Isolate every line in the records below with "during" in it.

**Data for this task:**
<<<<

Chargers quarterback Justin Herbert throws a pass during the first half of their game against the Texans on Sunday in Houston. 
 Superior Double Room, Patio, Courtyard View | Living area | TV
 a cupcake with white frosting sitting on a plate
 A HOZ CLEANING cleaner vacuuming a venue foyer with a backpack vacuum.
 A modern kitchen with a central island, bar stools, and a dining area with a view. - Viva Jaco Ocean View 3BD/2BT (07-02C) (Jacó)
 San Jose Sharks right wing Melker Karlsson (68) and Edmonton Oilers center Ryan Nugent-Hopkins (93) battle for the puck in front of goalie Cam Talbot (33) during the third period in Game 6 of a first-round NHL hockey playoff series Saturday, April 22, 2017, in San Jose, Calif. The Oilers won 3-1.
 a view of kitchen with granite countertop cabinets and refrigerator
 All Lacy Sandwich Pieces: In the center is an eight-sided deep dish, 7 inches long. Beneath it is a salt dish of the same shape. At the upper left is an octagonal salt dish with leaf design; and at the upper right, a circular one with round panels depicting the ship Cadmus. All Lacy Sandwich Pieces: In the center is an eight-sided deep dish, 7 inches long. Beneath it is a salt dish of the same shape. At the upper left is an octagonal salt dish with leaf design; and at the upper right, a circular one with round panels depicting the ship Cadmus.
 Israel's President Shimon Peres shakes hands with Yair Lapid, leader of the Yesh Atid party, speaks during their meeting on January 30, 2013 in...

>>>>

**Your solution:**
Chargers quarterback Justin Herbert throws a pass during the first half of their game against the Texans on Sunday in Houston. 
 San Jose Sharks right wing Melker Karlsson (68) and Edmonton Oilers center Ryan Nugent-Hopkins (93) battle for the puck in front of goalie Cam Talbot (33) during the third period in Game 6 of a first-round NHL hockey playoff series Saturday, April 22, 2017, in San Jose, Calif. The Oilers won 3-1.
 Israel's President Shimon Peres shakes hands with Yair Lapid, leader of the Yesh Atid party, speaks during their meeting on January 30, 2013 in...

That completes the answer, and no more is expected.